The stage is now populated by Trump’s insane tariff scheme. Its advocates proclaim grand consequences, while Democrats yammer about adopting populist economics and finding a leader. In the back row of the theater two old Greenies, thus far silent, rise to point out the madness of ignoring climate change.
It’s hard to be silent in the face of something as demented as the tariff moves. But climate change, like death, cannot be ignored. As the eminent John Maynard Keynes once stated, “In the long run, we’re all dead.” He also said, “Capitalism is the astounding belief that the most wickedest of men will do the most wickedest of things for the greatest good of everyone.”
If the world does not wake up to the realities of global heating, capitalism itself will be at stake. So says Günther Thallinger, of Allianz SE, one of the world’s biggest insurance companies. He warned “that without insurance, which is already being pulled in some places, many other financial services become unviable, from mortgages to investments.”
It’s already happening in California, where insurers are pulling coverage, throwing the ball to government, which drops it. Premiums exceed what people can pay. “Heat and water destroy capital. Flooded homes lose value. Overheated cities become uninhabitable. Entire asset classes are degrading in real time.”
Risk management is the foundation of insurance, and the credit crunch applies to all elements of the economy—”not only to housing, but to infrastructure, transportation, agriculture, and industry,” Thallinger said. “The economic value of entire regions―coastal, arid, wildfire-prone―will begin to vanish from financial ledgers. Markets will reprice, rapidly and brutally. This is what a climate-driven market failure looks like.”
And governments will never be able to cover this kind of damage. When heating reaches 3⁰C, human life is at stake and “the financial sector as we know it ceases to function. And with it, capitalism as we know it ceases to be viable.”
Mark Gongloff of Bloomberg thinks Wall Street is pouring fuel on the climate fire. So is the idiocy of “drill, baby, drill.” Banks’ financial means, along with real political will, are essential to achieve net zero and avoid catastrophe.

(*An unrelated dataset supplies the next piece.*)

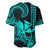 King Kamehameha Day Hawaii Baseball Jersey Paradise of the Pacific Tribal Kakau with Kanaka Maoli - Turquoise LT9 - Polynesian Pride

Banks are a key element in [that], and they keep choosing to finance oil, gas and coal instead. They have pumped $6.9 trillion into those industries since the 2016 Paris agreement that set 1.5C as a warming target, according to a report by the Rainforest Action Network, the Sierra Club and others.
Again, the banks aren’t solely to blame. If society could get its act together and price carbon emissions to match the destruction they wreak on the world, then those tempting fossil-fuel deals would be far less plentiful and profitable for banks. Instead, the world’s political leaders keep carbon dirt-cheap, effectively subsidizing fossil fuels by another $7 trillion per year, according to the International Monetary Fund. Eliminating those subsidies alone, including real taxes on carbon, would more than cover the $5 trillion or so annually that BloombergNEF [a research and analysis group for clean energy] has estimated we will need to hit net zero by 2050.
The reckoning is surely coming as the world continues heating up. Cleaner energy is definitely the answer, but “Trump is apparently happy to cede such fertile ground to China, Europe and elsewhere.” He’s too busy with his lunatic tariff schemes and destruction of the government to care.
Well researched, well said. Europe and China still seem to get it, here in the US nothing will happen until the orange turd is gone.
good that the other powers are responding appropriately. suspect we’ll return to the fold in a few years.